We’ve all read articles extolling the limitless potential of Artificial Intelligence (AI) and its cousin, machine learning. As a data analyst, you may be nervous about the sluggish progress your AI project team is making after having slid by multiple milestones. You are worried that management will lose patience and cancel what you see as an exciting project with tangible business value.
Most likely, your problem is the tedium, high effort and unpredictability of data wrangling that causes:
- Stalled AI projects.
- Increased AI project costs.
- Doubts around AI project insights and recommendations.
- Disappointing benefits from AI projects.

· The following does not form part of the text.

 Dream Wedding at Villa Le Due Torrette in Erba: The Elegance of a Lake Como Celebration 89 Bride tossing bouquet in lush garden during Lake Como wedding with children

Here are the considerations that will position the data for your AI project for success.
Data wrangling struggle
Data wrangling refers to all the effort data scientists and software developers invest in data preparation before the actionable insights you hope to gain from data exploration and data analytics will be revealed.
You are acutely aware that data wrangling has been consuming 60 – 80% of the effort of data analysts and data scientists for decades now. The percentage has not decreased over time despite vastly improved software and an increased emphasis on data stewardship in many organizations. The percentage has not decreased because data volumes have grown exponentially over the same time period. This data volume growth has consumed the value of all the data management improvements that many organizations have implemented.
Improving data wrangling
The following categories of software can help you bring data wrangling under control:
- Data visualization.
- Data preparation.
- Extract, Transform, and Load (ETL).
- AI-driven data improvement insights.
- Robotic Process Automation (RPA).
- Custom SQL.
You can speed up and improve data wrangling by using this software and implementing clearer data improvement steps to make data preparation:
- Less tedious for expensive, experienced data experts.
- Less consumptive of staff effort overall.
- Quicker and therefore cheaper.
- More likely to achieve significant data quality improvements.
- More operationalized to run on a predefined schedule, in a governed and scalable manner.
All the steps below are performed to varying degrees by every AI project before moving on to the data analytics step that produces the business value. If you can’t relate the planned work of your project team to these steps, then it’s highly likely that your AI project is inadequately organized and is at risk of not reaching the project goal.
Discovering data
Data discovery is the first step. Its goal is to identify the data sources required to achieve the goal of your AI project. Typical data sources include:
- Operational datastores related to on-premise applications and to externally-hosted Software-as-a-Service (SaaS) applications.
- Small informal datastores, usually Excel workbooks, that house crucial bits of information.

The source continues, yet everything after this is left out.